INFORMATION SHOWN:

..............................

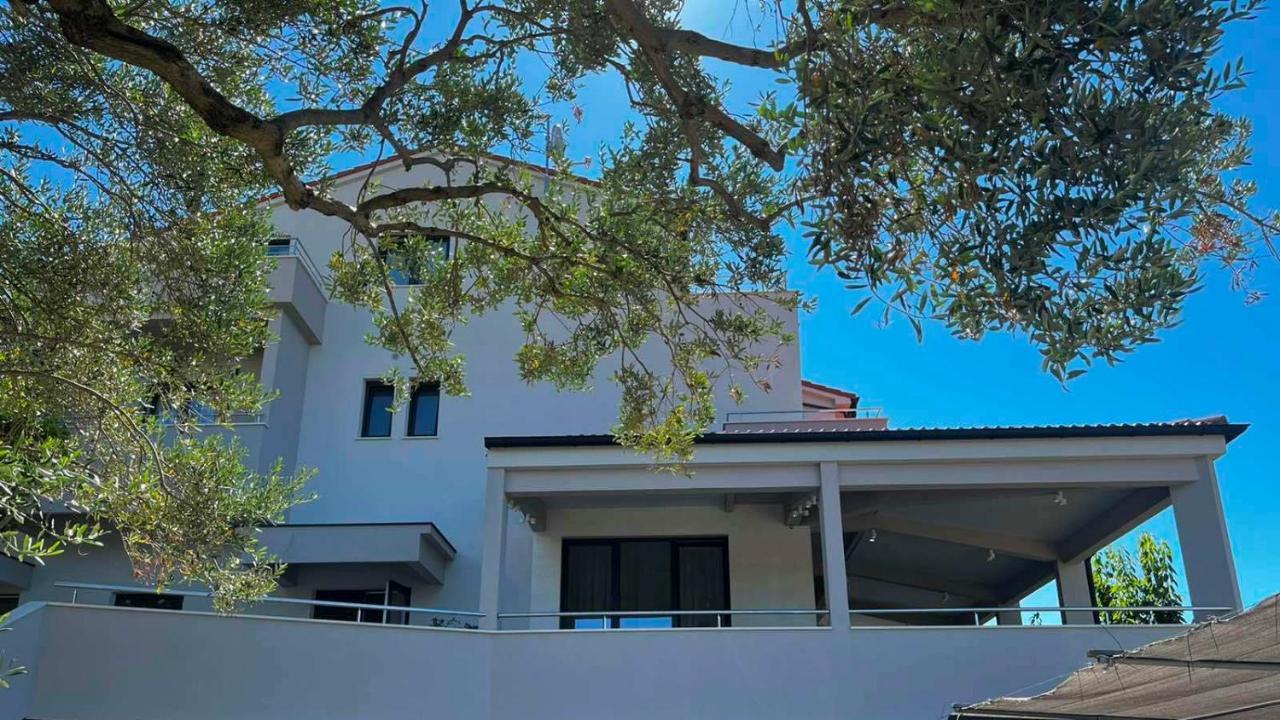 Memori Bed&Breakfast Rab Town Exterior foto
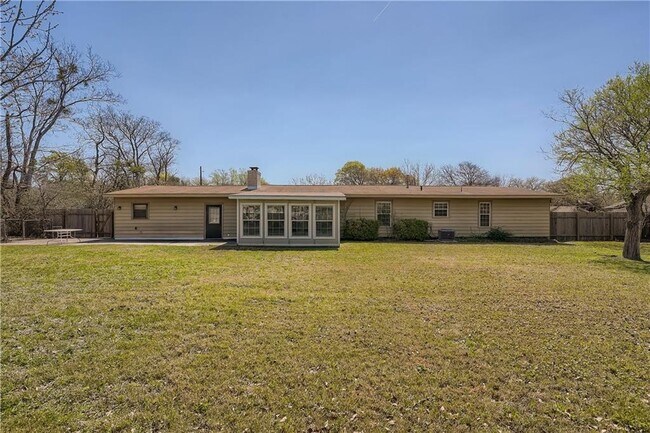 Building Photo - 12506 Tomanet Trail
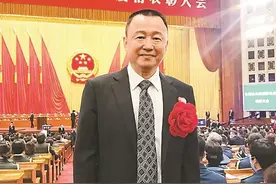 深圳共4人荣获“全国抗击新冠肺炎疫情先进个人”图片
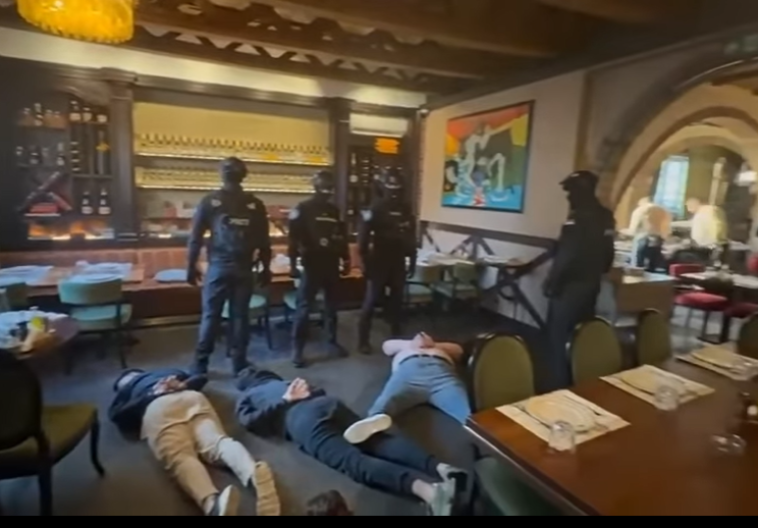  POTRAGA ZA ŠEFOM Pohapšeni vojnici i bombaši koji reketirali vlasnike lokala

..............................

WHAT IS EXPECTED: Repeat the data above exactly, but not the pictures.

SOLUTION FOR THIS PROBLEM:
 Memori Bed&Breakfast Rab Town Exterior foto
 Building Photo - 12506 Tomanet Trail
 深圳共4人荣获“全国抗击新冠肺炎疫情先进个人”图片
  POTRAGA ZA ŠEFOM Pohapšeni vojnici i bombaši koji reketirali vlasnike lokala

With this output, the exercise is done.